Wednesday, January 29, 2020

U.S. Navy sails warship near disputed islands in South China Sea for first time in 2020

ASIA PACIFIC

U.S. Navy sails warship near disputed islands in South China Sea for first time in 2020

BY JESSE JOHNSON
STAFF WRITER
The U.S. Navy said Tuesday that it had sailed a warship near the contested Spratly Islands in the South China Sea — home to fortified islands built by China — on Saturday, in what was believed to be its first freedom of navigation operation (FONOP) of 2020.
A spokesman for the U.S. Navy’s 7th Fleet told The Japan Times that the USS Montgomery, an advanced littoral combat ship, had “asserted navigational rights and freedoms in the Spratly Islands, consistent with international law.”
The latest FONOP “upheld the rights, freedoms and lawful uses of the sea,” 7th Fleet spokesman Lt.
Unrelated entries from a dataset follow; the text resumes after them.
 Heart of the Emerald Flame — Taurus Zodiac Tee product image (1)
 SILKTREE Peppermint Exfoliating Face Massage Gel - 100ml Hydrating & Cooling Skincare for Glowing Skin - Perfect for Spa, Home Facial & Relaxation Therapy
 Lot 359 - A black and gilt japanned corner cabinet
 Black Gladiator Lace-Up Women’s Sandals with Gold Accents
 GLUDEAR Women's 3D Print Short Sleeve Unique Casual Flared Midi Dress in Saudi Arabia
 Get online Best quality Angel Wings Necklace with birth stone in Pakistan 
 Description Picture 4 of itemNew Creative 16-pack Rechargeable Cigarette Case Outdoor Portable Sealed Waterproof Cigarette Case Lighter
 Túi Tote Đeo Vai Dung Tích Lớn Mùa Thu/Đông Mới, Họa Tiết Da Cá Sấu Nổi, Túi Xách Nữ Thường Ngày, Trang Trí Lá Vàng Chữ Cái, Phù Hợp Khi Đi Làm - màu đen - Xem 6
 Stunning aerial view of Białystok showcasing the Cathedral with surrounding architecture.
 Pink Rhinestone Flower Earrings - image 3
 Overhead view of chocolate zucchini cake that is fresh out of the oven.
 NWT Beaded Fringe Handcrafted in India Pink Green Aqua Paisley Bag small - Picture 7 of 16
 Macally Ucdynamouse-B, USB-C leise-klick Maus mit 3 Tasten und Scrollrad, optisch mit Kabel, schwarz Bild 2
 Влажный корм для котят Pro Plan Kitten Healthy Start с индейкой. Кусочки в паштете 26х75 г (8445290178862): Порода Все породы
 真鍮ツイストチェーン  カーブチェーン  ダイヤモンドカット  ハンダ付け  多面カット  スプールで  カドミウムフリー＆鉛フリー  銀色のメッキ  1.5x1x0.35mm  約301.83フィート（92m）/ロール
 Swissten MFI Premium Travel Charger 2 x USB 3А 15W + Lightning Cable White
Joe Keiley said, adding that the Montgomery had “challenged the restrictions on innocent passage imposed by China, Vietnam, and Taiwan.”
The Montgomery passed near the Chinese-held Fiery Cross Reef, home to a 3,000-meter military-grade runway, and Johnson Reef, Pentagon photos showed.
“Freedom of navigation operations in the South China Sea are a part of daily operations of U.S. military forces throughout the region,” he added.
China’s military said later Tuesday that it’s air and naval forces had “expelled a U.S. warship” that sailed near the Islands.
A spokesman for the Chinese military’s Southern Theater Command said the U.S. warship’s “intentional provocation during Spring Festival was done with ulterior motives, and is a flagrant attempt at navigation hegemony,” the state-run Global Times newspaper reported the same day.
The hawkish tabloid reported that “two loaded fighter bombers of a Navy aviation brigade headed to the target area and conducted alert patrol missions on Saturday morning” in response to the Montgomery’s mission.
Beijing claims much of the South China Sea, though the Philippines, Vietnam, Malaysia, Taiwan and Brunei have overlapping claims in the waters where the Chinese, U.S., Japanese and some Southeast Asian navies routinely operate.
Innocent passage, a key tenet of the U.N. Convention on the Law of the Sea (UNCLOS), requires that vessels move directly through the territorial sea and refrain from any activity not necessary for their continuous and expeditious passage. Providing notice or obtaining permission prior to transiting under innocent passage is not required.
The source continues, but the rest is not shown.